Был тусклый свет маленьких светильников, была лестница, слишком твёрдая и неудобная, была ступенька под головой, о которую он чудом не приложился и тем же чудом не заработал сотрясение, была ладонь в волосах — то потянуть их сильнее, то пропустить сквозь пальцы. Было мягкое прикосновение, очерчивающее линию подбородка, был тихий смешок, был поцелуй в шею, касание языка — пошлое и мокрое, невыносимо горячее, оставляющее широкую полосу на коже, дыхание над ключицей и засос. На память. Была неудачная попытка поцеловать ускользающее видение. Сначала стремление вздёрнуть вверх и найти губами губы, а потом — напротив, желание увидеть, как Рэймонд выполняет обещание, прозвучавшее во время отдыха, незадолго до спонтанного отъезда. Увидеть, прочувствовать. Как он слизывает вязкую смазку, как приникает к головке, накрывая её губами и касаясь языком, как заглатывает сразу почти на всю длину, позволяя трахать себя в рот. Совершенный, неповторимый рот. Такой же влажный, как недавнее прикосновение, такой же горячий, обещающий невероятное наслаждение.

Был взгляд, который Вэрнон не выдержал.

Закрыл глаза, прижался головой к ступеньке и застонал, признавая собственное поражение, понимая, что иначе и быть не могло. Вообще никогда и никак.

Не отказываясь потом от солоноватого поцелуя, позволял целовать себя, отвечая, прижимая Рэймонда к себе, толкаясь языком в его рот, вылизывая и не отплёвываясь.

Крайняя степень доверия.

Или что-то такое.

Он слышал подобное высказывание.

Не сам, конечно, придумал.

Ему бы и в голову не пришло проводить такие параллели.

Сперма и доверие.

С ума сойти.

И кто только придумал их связать в едином предложении?

А, может, и не зря.

Может, в этом, правда, была какая-то, ускользнувшая от него логика.
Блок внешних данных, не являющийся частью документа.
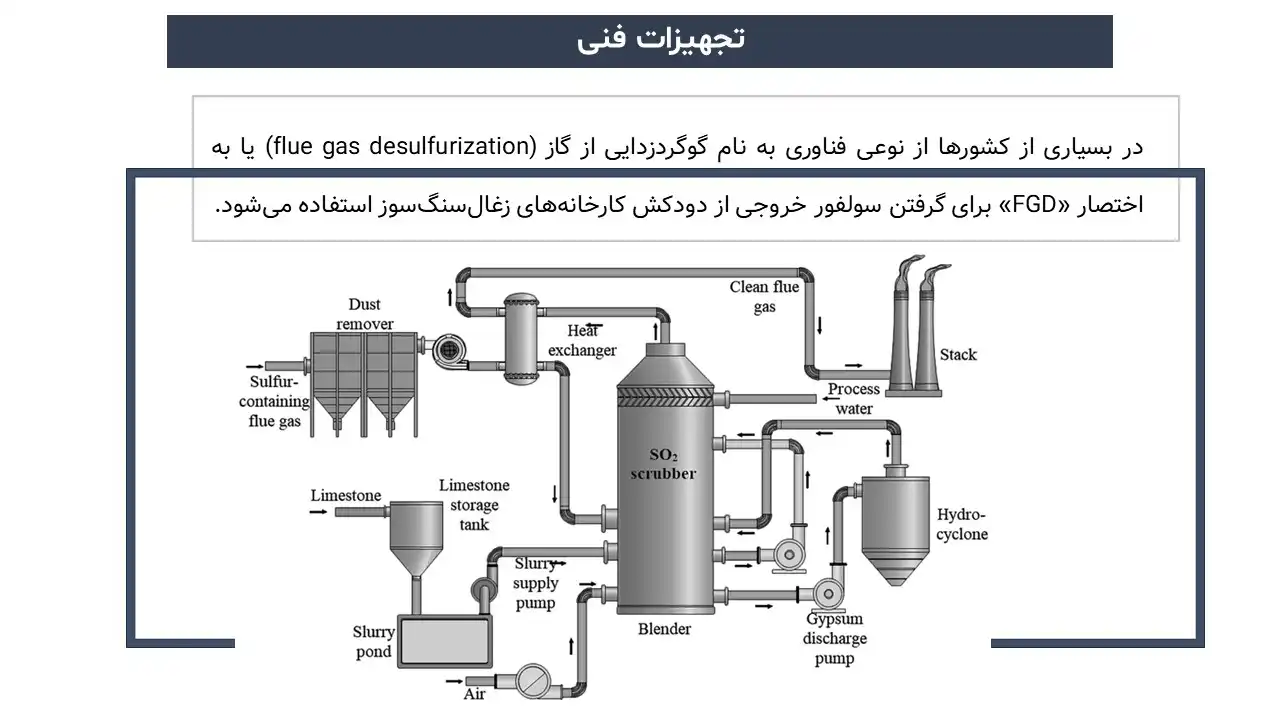 پاورپوینت باران اسیدی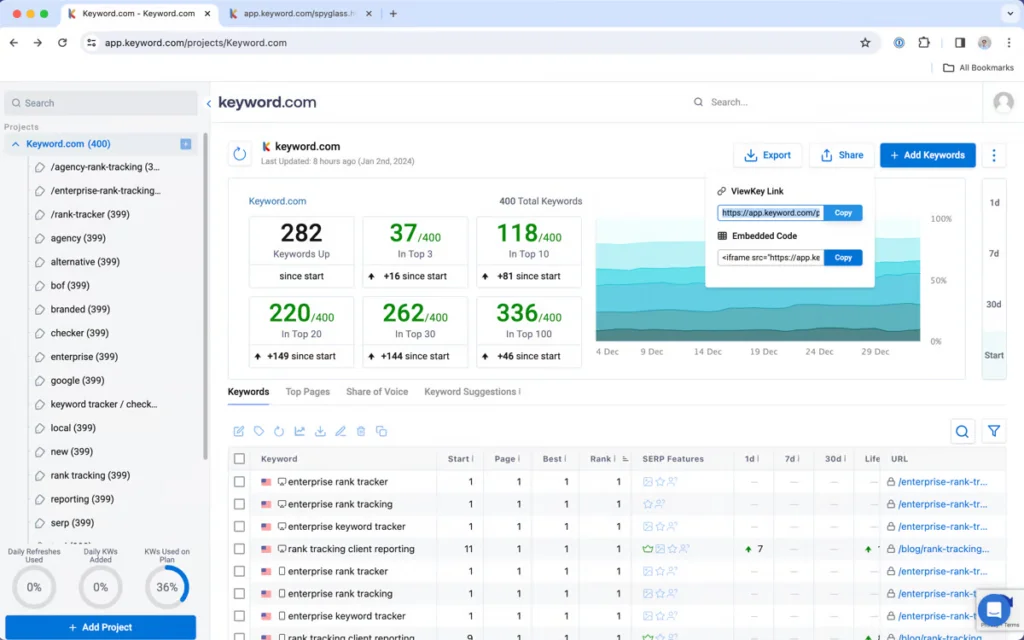 Keyword.com is one of the best law firm rank trackers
Он не задумывался, он просто тонул в своих эмоциях, обожая, превознося, зная, что отпустить уже будет не в состоянии.

Впереди у них с Рэймондом была целая ночь и целая палитра впечатлений, начиная от безумной нежности и заканчивая не менее безумной страстью. Палитра, в которой нашлось место сорванному голосу, искусанным губам и разодранной спине. Последнее он заметил далеко не сразу — только после того, как немного отдышался и понял, что Рэймонд всё ещё его обнимает одной рукой. Ладонь покоится на тех самых царапинах, пальцы касаются повреждённой кожи, поглаживая осторожными движения, и лёгкое жжение даёт о себе знать.